Measurment Handling

Created on Mon May 31 13:08:01 2021

@author: WET2RNG

class softsensor.meas_handling.Meas_handling(train_dfs, train_names, input_sensors, output_sensors, fs, test_dfs=None, test_names=None, pre_comp_cols=None)[source]

Measurement handling class that can be used for the whole data preprocessing

Parameters:
  • train_dfs (List of pd.DataFrames) – List of pd.DataFrame for every Measurement used as Training data for subsequent models.

  • train_names (List of str) – List of Track Names corresponding to the train_dfs. Need to have the same length as train_dfs

  • input_sensors (List of str) – Input sensors for the subsequent models, The order of the str defines the order in which the data is present inside the loader

  • output_sensors (List of str) – Output sensors for the subsequent models, The order of of the str defines the order in which the data is present inside the loader

  • fs (int) – sample frequency.

  • test_dfs (List of pd.DataFrames, optional) – List of pd.DataFrame for every Measurement used as Testing data for subsequent models. The default is None

  • test_names (List of str, optional) – List of Track Names corresponding to the test_dfs. Need to have the same length as test_dfs. The default is None

  • pre_comp_cols (List of str, optional) – Defines wheather and which a precomputed solution is in the dataset.

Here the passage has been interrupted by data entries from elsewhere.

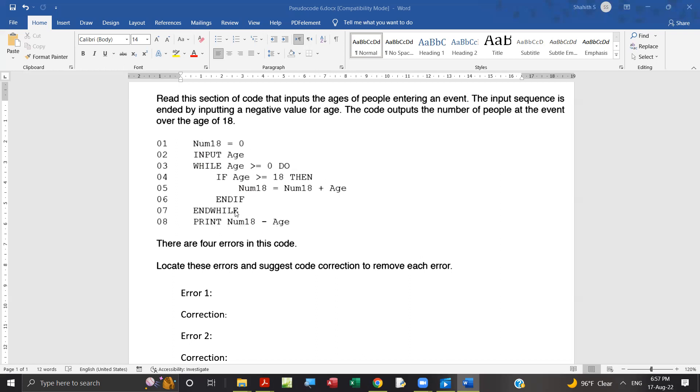One more mistake is there. You also need to input the age first. It will enter, then it will check. Then after this if statement, we need to input age again. Why? Because we need to input the second age, the second age of the second person. If it checks, then if it is a positive number, then it enters. Then if it is more than 18, it will count.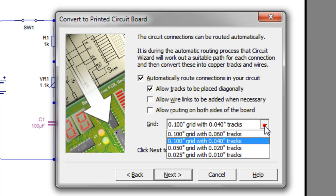And then this option, I should choose the thickness of the tracks. I'm going for 0.04 inches because this is a reasonable size. If I was producing something that required quite a lot of current going through it, then I might choose the 0.6 or I might even change the size afterwards.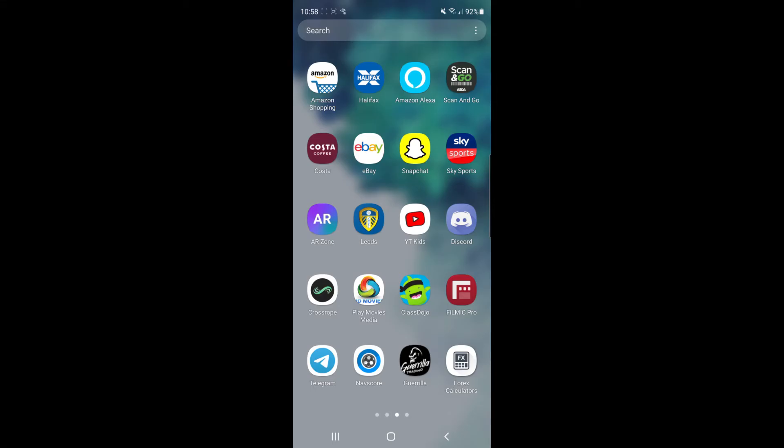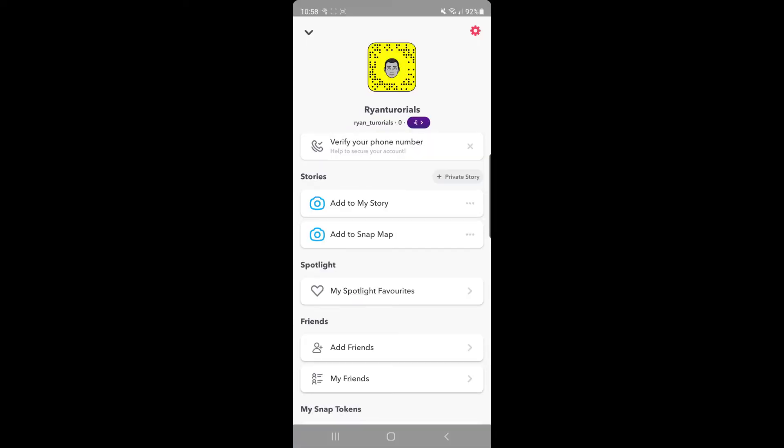So the first thing you want to do is open up your Snapchat app. Once you've opened that you will need to come ahead and go to your profile.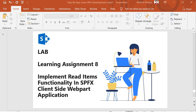Hello guys, welcome back. In this session we are going to start our learning assignment 8, where we will implement read items functionality in an SPFX client-side webpart application. Let's look into the steps.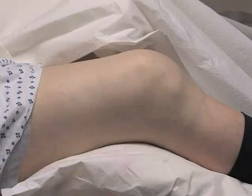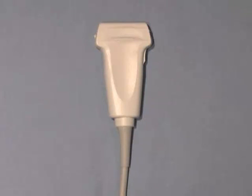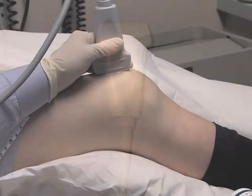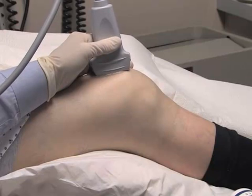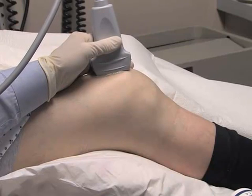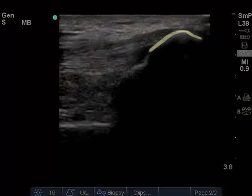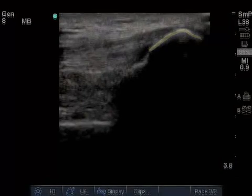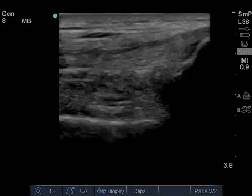The patient should be in a supine position with the affected knee slightly flexed. A high-frequency linear transducer is optimal for this application due to its high spatial resolution and short focal length. Place the transducer in a longitudinal position anteriorly, just cephalad to the patella, with the directional indicator pointing towards the patient's head. The cortex of the patella can be seen on the right of the ultrasound screen as an echogenic line that casts a shadow into the far field.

Precomputed solutions might be helpfull in certain training tasks The default is None

Return type:

None.

Examples

Define a Measurment Handling class

>>> import softsensor.meas_handling as ms
>>> import pandas as pd
>>> import numpy as np
>>> t = np.linspace(0, 1.0, 10001)
>>> xlow = np.sin(2 * np.pi * 100 * t)
>>> xhigh = 0.2 * np.sin(2 * np.pi * 3000 * t)
>>> d = {'sine_inp': xlow + .1 * xhigh,
         'cos_inp': np.cos(2 * np.pi * 50 * t),
         'out': np.linspace(0, 1.0, 10001)}
>>> t = np.linspace(0, 1.0, 10001)
>>> test_df = {'sine_inp': 10*xlow + .1 * xhigh,
               'cos_inp': np.cos(2 * np.pi * 50 * t),
               'out': np.linspace(0, 1.0, 10001)}
>>> handler = ms.Meas_handling([pd.DataFrame(d, index=t), pd.DataFrame(d, index=t)],
                            ['sine1', 'sine2'],
                            ['sine_inp', 'cos_inp'], ['out'], 10000,
                            [pd.DataFrame(test_df, index=t)], ['test'])
Scale(scaler=StandardScaler(), predef_scaler=False)[source]

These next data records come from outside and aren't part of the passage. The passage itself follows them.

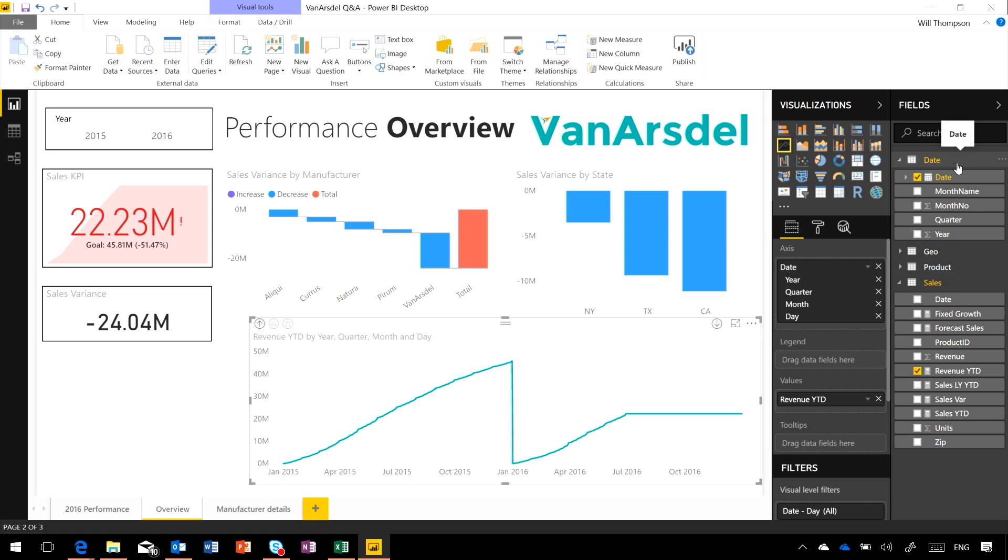What happens by default when you just bring a flat table of data in, if it's got date columns in it, Power BI creates some hidden tables and columns for the year, the quarter, the month, the day, and the hierarchy of those, so it's easier to work with straight out of the box.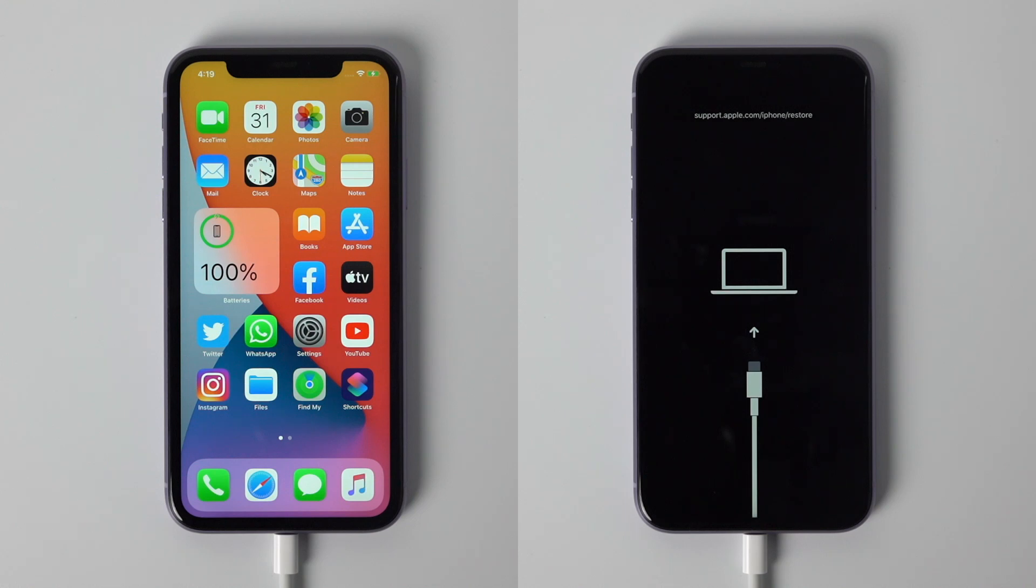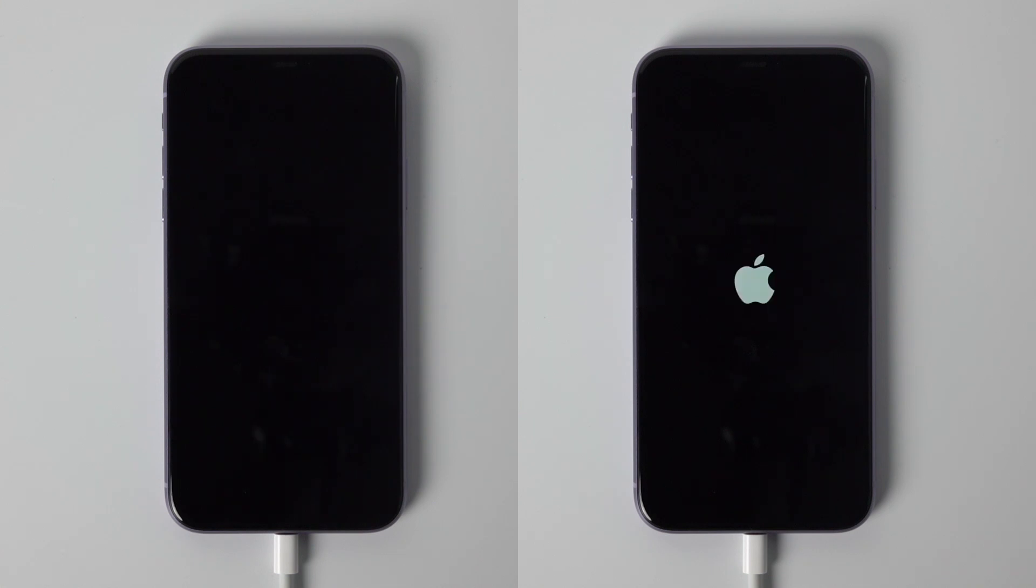Hello, welcome to the Tenorshare channel. In this video I'm going to show you how to put iOS 14 device into and out of recovery mode with one simple click. You don't have to press any button on the device.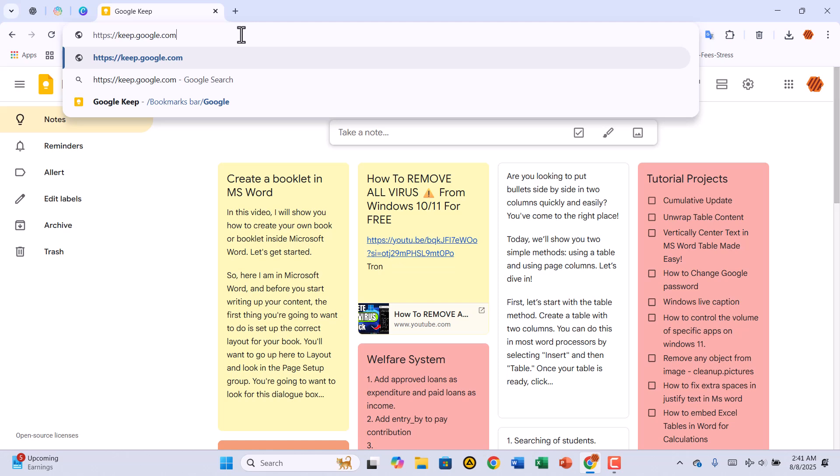Hi there, and welcome back to Zimist Coded. In today's video, I'll show you how to download and install Google Keep right on your Windows PC so you can access your notes anytime without relying on a browser tab.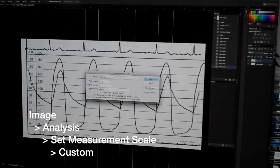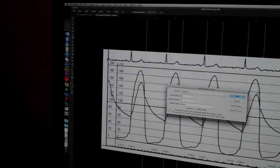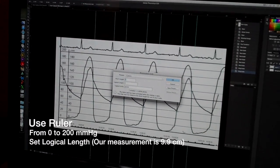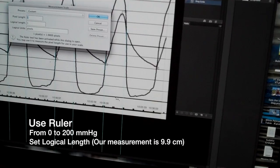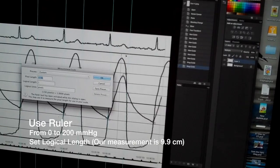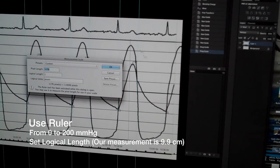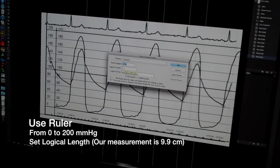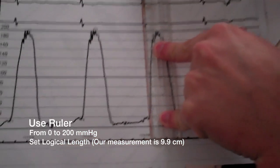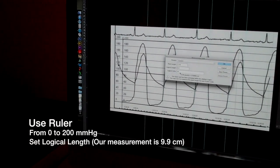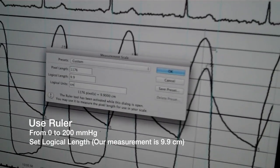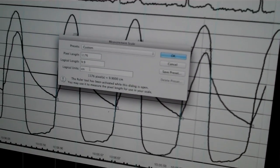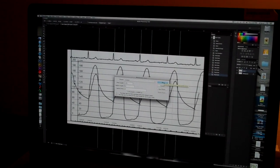And I'm going to enter that into the measurement package. It's found in CS6 here under Image, Analysis, Set Measurement Scale, Custom. And the pixel length is not what I'm going to set. I'm going to go over here and this defaults to the ruler tool now on the toolbar. And so I'm going to start here at the top of the zero line and hold the shift key down so this is a straight line. And I'm going to go up to the top of the 200 mark like that and let go. So that says that's 1176 pixels on the screen. Now according to the measurement on the paper that was 9.9 centimeters.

Scale the Data. The scaler is fitted only on the traindata. Afterwards train and testdata is transformed.

Parameters:
  • scaler (sklearn.preprocessing scaler, optional) – The default is StandardScaler().

  • predef_scaler (bool, optional) – if True, scaler needs to be fitted already and will be used to scale data. This might come in handy if the data used for scaling is no longer available or special scaling procedures are required The default is False

Return type:

None.

Examples

Based on the Example from class initialisation

>>> df = handler.give_dataframe('sine1')
>>> print(np.var(df['sine_inp'].values))
>>> handler.Scale()
>>> print(np.var(df['sine_inp'].values))
1.0
Resample(fs, kind='linear')[source]

Resample self.train_df and self.test_df to fs using Fourier method along the given axis.

Parameters:
  • fs (float or int) – fs to resample data to.

  • kind (str) – Specifies the kind of interpolation as a string or as an integer specifying the order of the spline interpolator to use. The string has to be one of ‘linear’, ‘nearest’, ‘nearest-up’, ‘zero’, ‘slinear’, ‘quadratic’, ‘cubic’, ‘previous’, or ‘next’. ‘zero’, ‘slinear’, ‘quadratic’ and ‘cubic’ refer to a spline interpolation of zeroth, first, second or third order; ‘previous’ and ‘next’ simply return the previous or next value of the point; ‘nearest-up’ nd ‘nearest’ differ when interpolating half-integers (e.g. 0.5, 1.5) in that ‘nearest-up’ rounds up and ‘nearest’ down. Default is ‘linear’. see interpolate.interp1d docu

Return type:

None.

Filter(freq_lim)[source]

Function to bandpass Filter the Sensor data

Parameters:

freq_lim ((low_cut, high cut)) – Defining the low and high cut for bandpass filtering

Return type:

None.

Examples

Based on the Example from class initialisation, Result should be roughly zero

>>> handler.Filter(freq_lim=(10, 700))
>>> filtered_sine = handler.train_df[0]['sine_inp'].values
>>> dev = xlow - filtered_sine
>>> print(np.mean(dev))
0.0
fade_in(window_length, window_type='hanning', columns=None)[source]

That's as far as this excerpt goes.